Cumulus Revenue Down, But Turns Profit
March 3, 2010 at 4:24 PM (PT)
CUMULUS reports that although net revenues for Q4 2009 decreased $5.5 million, or 7.3%, to $69.6 million, net income grew to $6.5 million or $0.16 per share, compared to a net loss of $393.7 million (or $9.55 per share (for the year-ago quarter). The Company also announced the appointment of JOSEPH P. HANNAN as SVP/Treasurer and CFO. He has been Interim CFO since JULY 1st, 2009.
The radio group attributed the revenue decline to "a $3.1 million decrease in political revenue and the impact the recent economic recession has had across our entire station platform and industry at large." As for the immediate future, "We believe that advertising revenue will not have any significant growth at least through the first quarter of 2010, with modest growth in certain categories throughout the remainder of 2010.
"Two areas of potentially strong growth for radio advertising in 2010 could be cyclical political advertising and automotive advertising fueled by a general recovery in that sector.

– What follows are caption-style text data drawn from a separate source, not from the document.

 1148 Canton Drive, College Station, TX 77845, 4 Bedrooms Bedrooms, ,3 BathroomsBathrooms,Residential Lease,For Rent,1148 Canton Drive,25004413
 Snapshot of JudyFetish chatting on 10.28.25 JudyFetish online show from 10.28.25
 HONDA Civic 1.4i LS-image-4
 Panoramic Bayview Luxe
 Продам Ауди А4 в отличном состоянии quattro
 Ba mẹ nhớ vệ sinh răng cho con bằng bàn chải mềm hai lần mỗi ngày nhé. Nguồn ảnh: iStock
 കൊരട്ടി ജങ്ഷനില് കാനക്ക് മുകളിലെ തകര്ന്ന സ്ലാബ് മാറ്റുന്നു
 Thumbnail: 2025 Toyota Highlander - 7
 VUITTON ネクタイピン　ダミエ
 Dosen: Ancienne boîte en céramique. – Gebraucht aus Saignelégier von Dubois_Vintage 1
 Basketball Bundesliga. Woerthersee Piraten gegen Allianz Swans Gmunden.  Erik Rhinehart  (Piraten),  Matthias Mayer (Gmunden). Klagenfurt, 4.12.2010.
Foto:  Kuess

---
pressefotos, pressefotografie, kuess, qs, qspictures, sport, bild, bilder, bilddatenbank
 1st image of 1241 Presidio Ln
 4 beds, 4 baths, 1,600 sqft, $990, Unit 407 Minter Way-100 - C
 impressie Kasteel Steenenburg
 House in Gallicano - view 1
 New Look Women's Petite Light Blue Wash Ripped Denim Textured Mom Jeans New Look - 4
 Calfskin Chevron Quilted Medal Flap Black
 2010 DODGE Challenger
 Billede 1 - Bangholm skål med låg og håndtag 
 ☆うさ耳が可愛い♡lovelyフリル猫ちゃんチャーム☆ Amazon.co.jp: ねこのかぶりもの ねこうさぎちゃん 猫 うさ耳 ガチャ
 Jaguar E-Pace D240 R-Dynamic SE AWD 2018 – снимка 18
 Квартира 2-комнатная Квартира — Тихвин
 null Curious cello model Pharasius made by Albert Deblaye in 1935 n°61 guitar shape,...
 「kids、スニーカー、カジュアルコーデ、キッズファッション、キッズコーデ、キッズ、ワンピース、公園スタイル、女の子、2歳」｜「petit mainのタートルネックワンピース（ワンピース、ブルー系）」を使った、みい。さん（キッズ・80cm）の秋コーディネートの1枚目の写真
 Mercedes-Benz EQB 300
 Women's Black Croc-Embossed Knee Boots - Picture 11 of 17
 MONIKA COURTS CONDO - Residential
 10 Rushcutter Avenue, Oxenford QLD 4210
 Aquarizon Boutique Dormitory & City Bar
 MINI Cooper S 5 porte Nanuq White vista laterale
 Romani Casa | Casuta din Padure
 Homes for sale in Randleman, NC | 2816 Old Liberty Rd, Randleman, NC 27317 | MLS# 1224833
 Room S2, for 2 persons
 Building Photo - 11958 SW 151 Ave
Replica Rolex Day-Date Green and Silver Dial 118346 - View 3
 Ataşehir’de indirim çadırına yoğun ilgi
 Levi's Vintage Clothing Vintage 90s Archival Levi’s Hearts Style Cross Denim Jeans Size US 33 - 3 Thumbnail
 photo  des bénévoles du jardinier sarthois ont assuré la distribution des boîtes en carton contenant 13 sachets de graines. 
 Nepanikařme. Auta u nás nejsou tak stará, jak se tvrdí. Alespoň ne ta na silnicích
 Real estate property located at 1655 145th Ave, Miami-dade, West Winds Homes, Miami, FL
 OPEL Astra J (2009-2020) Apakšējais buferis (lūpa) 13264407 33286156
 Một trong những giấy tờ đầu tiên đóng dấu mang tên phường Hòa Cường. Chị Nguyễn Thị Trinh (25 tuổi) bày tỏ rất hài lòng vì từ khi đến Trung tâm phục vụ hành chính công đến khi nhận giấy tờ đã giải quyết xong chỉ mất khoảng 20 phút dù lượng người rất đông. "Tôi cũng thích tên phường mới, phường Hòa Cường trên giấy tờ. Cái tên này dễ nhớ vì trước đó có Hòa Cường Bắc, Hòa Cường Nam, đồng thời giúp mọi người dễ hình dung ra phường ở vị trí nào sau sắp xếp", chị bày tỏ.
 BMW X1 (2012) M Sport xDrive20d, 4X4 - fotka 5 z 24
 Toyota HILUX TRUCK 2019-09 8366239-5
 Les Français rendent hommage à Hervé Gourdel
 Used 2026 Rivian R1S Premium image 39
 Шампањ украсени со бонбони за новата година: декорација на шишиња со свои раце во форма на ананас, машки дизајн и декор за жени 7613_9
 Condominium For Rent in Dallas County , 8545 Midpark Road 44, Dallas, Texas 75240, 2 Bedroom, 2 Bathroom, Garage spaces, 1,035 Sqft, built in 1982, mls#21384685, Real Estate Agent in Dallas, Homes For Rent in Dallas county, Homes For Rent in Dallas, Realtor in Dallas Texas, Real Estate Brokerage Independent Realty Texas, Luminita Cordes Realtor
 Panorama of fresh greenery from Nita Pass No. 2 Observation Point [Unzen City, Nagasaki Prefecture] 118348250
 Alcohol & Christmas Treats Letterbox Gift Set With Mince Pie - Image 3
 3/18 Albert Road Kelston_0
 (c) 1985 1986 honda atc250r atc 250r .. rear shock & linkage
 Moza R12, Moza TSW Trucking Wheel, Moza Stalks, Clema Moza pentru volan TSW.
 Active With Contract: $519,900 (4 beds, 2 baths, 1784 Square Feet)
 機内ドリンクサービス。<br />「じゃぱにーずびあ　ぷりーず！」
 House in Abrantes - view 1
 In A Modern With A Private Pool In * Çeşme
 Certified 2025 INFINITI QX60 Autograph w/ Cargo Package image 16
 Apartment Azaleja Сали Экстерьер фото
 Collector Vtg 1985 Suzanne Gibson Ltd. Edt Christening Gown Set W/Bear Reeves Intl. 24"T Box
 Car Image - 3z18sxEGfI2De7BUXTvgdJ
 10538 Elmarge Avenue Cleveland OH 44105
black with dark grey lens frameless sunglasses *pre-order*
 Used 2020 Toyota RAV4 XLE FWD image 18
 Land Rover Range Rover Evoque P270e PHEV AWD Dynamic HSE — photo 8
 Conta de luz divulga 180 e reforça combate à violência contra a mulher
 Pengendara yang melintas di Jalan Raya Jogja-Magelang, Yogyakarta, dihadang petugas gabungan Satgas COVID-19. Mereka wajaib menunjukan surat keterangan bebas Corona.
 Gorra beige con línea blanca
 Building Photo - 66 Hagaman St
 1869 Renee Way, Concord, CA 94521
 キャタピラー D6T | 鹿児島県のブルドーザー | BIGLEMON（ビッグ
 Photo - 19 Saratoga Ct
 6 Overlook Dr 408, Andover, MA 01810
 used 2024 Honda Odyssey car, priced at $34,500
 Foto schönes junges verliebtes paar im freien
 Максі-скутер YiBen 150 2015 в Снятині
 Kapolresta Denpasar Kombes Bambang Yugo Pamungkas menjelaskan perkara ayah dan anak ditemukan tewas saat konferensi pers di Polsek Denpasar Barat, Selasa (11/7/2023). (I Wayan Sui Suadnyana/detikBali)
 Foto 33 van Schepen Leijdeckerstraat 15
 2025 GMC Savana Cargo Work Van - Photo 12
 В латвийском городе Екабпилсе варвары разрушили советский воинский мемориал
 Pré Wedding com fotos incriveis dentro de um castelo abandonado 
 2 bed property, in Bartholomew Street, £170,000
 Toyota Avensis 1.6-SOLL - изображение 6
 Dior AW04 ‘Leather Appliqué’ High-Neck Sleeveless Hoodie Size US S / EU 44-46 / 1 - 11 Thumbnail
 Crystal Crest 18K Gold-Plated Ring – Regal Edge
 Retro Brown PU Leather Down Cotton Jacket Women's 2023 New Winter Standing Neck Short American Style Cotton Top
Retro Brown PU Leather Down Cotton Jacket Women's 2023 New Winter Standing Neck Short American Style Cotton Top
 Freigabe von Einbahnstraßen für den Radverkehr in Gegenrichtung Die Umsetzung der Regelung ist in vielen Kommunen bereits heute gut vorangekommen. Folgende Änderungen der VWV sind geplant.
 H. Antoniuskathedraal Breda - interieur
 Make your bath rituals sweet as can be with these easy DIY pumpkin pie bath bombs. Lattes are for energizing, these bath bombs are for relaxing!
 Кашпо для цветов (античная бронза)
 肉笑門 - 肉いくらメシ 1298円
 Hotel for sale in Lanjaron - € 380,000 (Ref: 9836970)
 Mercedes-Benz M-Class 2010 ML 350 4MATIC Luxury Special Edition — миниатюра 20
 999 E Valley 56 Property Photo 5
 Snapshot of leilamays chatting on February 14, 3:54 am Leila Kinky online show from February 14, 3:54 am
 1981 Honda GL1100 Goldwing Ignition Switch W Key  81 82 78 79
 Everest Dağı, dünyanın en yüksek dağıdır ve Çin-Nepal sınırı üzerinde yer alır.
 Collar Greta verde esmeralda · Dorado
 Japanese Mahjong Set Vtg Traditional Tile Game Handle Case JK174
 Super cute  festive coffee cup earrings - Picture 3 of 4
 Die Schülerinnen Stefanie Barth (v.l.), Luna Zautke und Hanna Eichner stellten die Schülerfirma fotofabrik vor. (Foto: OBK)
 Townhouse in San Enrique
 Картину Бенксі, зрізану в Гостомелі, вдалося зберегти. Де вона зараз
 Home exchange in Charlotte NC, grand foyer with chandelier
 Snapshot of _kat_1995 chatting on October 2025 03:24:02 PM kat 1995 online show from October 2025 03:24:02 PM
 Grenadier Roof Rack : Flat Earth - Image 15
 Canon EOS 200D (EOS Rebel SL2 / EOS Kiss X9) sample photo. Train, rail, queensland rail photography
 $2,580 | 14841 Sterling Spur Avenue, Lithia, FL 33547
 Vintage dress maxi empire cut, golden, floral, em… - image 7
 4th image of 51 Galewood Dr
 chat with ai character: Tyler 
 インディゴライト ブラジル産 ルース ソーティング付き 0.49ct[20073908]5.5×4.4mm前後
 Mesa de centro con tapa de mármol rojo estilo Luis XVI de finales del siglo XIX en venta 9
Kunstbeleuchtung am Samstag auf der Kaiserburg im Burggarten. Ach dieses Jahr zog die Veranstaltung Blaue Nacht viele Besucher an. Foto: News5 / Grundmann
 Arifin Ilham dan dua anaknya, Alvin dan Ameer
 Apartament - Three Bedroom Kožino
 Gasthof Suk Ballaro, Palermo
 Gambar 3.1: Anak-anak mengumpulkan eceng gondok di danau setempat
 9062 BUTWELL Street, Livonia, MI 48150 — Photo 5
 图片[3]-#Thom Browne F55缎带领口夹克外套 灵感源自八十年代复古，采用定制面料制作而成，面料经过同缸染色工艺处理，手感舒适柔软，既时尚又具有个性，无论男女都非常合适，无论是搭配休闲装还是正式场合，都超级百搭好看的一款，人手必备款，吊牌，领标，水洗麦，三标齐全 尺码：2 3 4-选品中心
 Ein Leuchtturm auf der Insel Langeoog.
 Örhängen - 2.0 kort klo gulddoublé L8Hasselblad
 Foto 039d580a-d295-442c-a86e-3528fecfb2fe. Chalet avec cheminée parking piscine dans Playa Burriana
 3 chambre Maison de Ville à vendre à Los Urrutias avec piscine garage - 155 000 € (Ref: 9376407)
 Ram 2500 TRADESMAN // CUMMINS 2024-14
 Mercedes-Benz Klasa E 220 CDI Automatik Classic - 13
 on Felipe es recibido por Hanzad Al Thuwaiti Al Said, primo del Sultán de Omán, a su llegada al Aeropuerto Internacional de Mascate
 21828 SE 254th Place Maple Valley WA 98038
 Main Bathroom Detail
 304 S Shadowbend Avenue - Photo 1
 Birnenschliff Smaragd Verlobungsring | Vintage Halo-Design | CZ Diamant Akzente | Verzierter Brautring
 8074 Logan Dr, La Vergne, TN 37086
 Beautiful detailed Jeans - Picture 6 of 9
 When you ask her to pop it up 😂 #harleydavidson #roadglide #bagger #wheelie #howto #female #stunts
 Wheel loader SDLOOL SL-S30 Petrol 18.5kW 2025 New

However, despite recent indications of a return to a more normalized marketplace, specific projections remain extremely difficult to provide as traditional advertising buying patterns have been noticeably disrupted as a result of the recent economic recession."
Station operating expenses for Q4 decreased $4.3 million, or 8.9%, to $44.0 million from $48.3 million in 2008 primarily due to our cost containment initiatives implemented in previous quarters, such as employee reductions, continued scrutiny of operating expenses, and lower variable sales commissions paid.
Corporate expenses for the fourth quarter of 2009 increased by $0.2 million, or 4.1%, to $5.0 million from $4.8 million in 2008, primarily due to an increase in professional fees and ongoing restructuring charges.
Depreciation and amortization for the fourth quarter of 2009 decreased $0.3 million, or 11.4%, to $2.8 million from $3.1 million in 2008, primarily due to assets becoming fully depreciated coupled with a decrease in capital expenditures.
Non-cash stock compensation expense remained flat at $0.8 million for the fourth quarter of 2009 compared to 2008.